Because of this ground-breaking discovery, Spack and his team quickly became leaders in the transgender health community. With the opening of Boston Children’s Hospital’s Gender Multispeciality Service (GeMS) in 2007, Spack became the first American doctor to do so. Patients from around the world flocked to Spack’s clinic, knowing of his medical prowess and ability to satisfy the needs of anyone’s gender identity.
Jackie Green, for one, traveled from England to Boston in search of Spack’s helpful team. Years of bullying in school and the lack of transgender medical care from England’s National Health Service sent her into multiple depressive episodes, resulting in attempted suicide. Finding Dr. Spack and receiving his revolutionary treatment saved Jackie, allowing her to become the woman she always wanted to be. Now, she works as a model, forever thankful for Spack’s clinic.
Since 2007, GeMS has treated thousands of patients, a number that increases every year. While Spack no longer works in the clinic, his legacy is ever-present and will always remain in the minds and hearts of the many doctors and patients to come.

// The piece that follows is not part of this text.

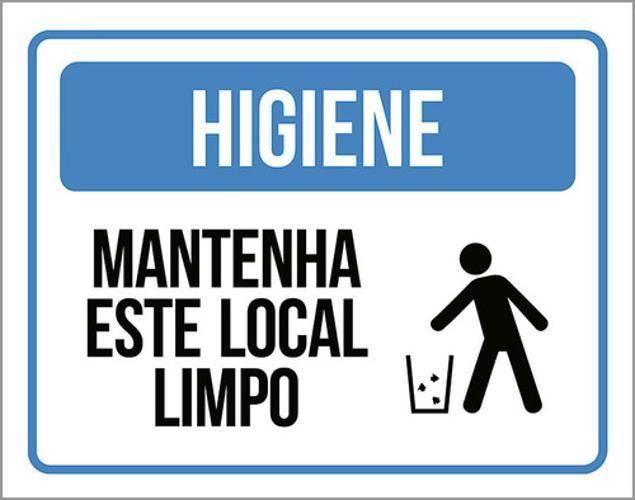 Imagem de Kit 10 Placas Higiene Mantenha Este Local Limpo Ícone 36X46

Closing with a sing-along of one of Spack’s favorite songs, “A Bridge Over Troubled Water,” by Simon & Garfunkel, the mood in the room transitioned towards hope. There is still so much more to do in regards to treating transgender early adolescents, and unfortunately, mental health diagnoses are on the rise. Also, non-binary patients have become the newest challenge within the clinic, making doctors question the most effective treatments. Despite these obstacles, Dr. Norman Spack has changed transgender medical care for the better, working to make these patients feel more accepted within society and their own bodies.
Closing the discussion, Spack put it simply, saying, “it doesn’t take a lot for a kid to feel unwanted and it does not take a lot for a kid to feel wanted.”